# Work to complete
Reproduce word for word the lines between those holding "Paradise Beach Residence - 10" and "SAB Cable 93331625", inclusive, and nothing else from the data below.
++++ Supplied information
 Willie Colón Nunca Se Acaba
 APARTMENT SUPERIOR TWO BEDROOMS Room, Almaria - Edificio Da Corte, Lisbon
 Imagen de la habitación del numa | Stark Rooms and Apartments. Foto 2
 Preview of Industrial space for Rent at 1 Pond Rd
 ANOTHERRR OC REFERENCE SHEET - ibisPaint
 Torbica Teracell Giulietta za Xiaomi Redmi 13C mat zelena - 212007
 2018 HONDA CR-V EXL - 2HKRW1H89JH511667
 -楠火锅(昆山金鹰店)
++++++++
++++ Supplied information
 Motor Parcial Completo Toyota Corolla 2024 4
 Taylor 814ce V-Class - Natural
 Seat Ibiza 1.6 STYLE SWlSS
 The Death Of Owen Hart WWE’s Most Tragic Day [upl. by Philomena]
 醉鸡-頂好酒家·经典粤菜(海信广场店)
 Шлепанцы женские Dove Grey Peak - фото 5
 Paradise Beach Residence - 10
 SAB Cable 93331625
++++++++
++++ Supplied information
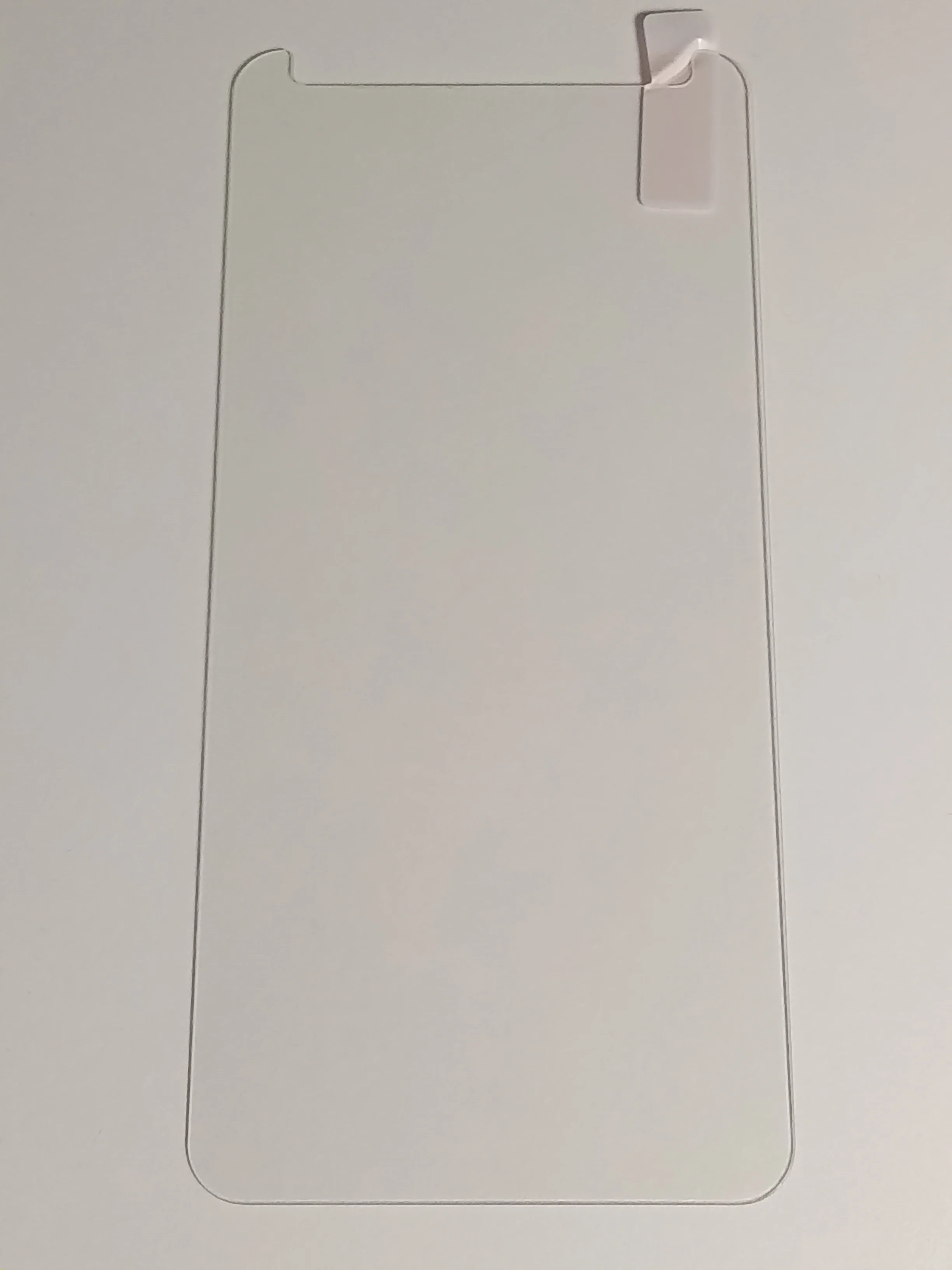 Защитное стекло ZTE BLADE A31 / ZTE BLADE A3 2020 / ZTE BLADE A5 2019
++++++++
# Solution to the exercise
 Paradise Beach Residence - 10
 SAB Cable 93331625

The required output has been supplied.